Manchester United raise concerns over Super League
Manchester United are among leading European clubs who have been urging most caution over the potential formation of a European Super League.
German magazine 'Der Spiegel' has claimed that talks had reached an advanced stage over a competition that could start as early as 2021, but it is understood that United, as well as Arsenal, have been resisting such a radical change.
It is clubs across the continent, whose domestic leagues have struggled to keep pace with the Premier League's financial might, who have been most vocal in arguing for a new competition.
A Westminster source has said that such a move would be strongly opposed by the government, while Uefa president Aleksander Ceferin yesterday promised to "fight against" the idea.
It has been claimed that plans for a European Super League, with 11 founding members - United, Manchester City, Chelsea, Arsenal, Liverpool, Real Madrid, Barcelona, Paris St-Germain, Juventus, AC Milan and Bayern Munich - remain on the table.
The report added that, from as early as November 2018, the 11 teams could sign a "binding team sheet" and commit to the new European Super League from 2021.
This has been refuted by several club sources, who say that time-scale would be impossible because of a deal between Uefa and the European Club Association until 2022.

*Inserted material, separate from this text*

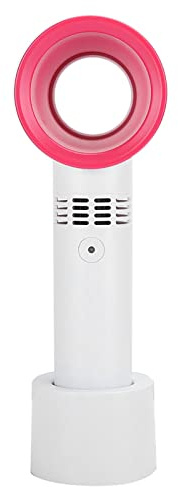 Fdit Ventilador de Mano sin Aspas Recargable por USB para el Hogar Al Aire Libre, Velocidades Ajustables, Práctico Refrigerador, Ventilador Ligero sin Aspas con Potente, Blanco para Oficina (Leche
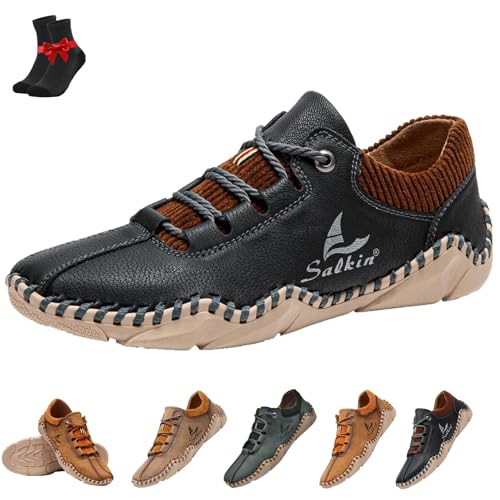 FJZFXKZL Freizeitschuhe for Herren,leichte Sneakers, weiche, atmungsaktive Oxfords,rutschfeste Autofahrerschuhe,lässige Slipper(Black,40 EU) von FJZFXKZL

A European Super League would also be disastrous for Uefa, which runs the Champions League.
"It would damage football worldwide," Ceferin said.
"It would be boring. To see Juve versus Bayern every week would be more boring than, let's say, Juve v Torino. I will fight and do all I can against such a league. In the long run, the clubs would be the losers."
Bayern chief executive Karl-Heinz Rummenigge denied suggestions that his club have been pushing for change.
"I'm not aware of any Super League news," he told German magazine Kicker.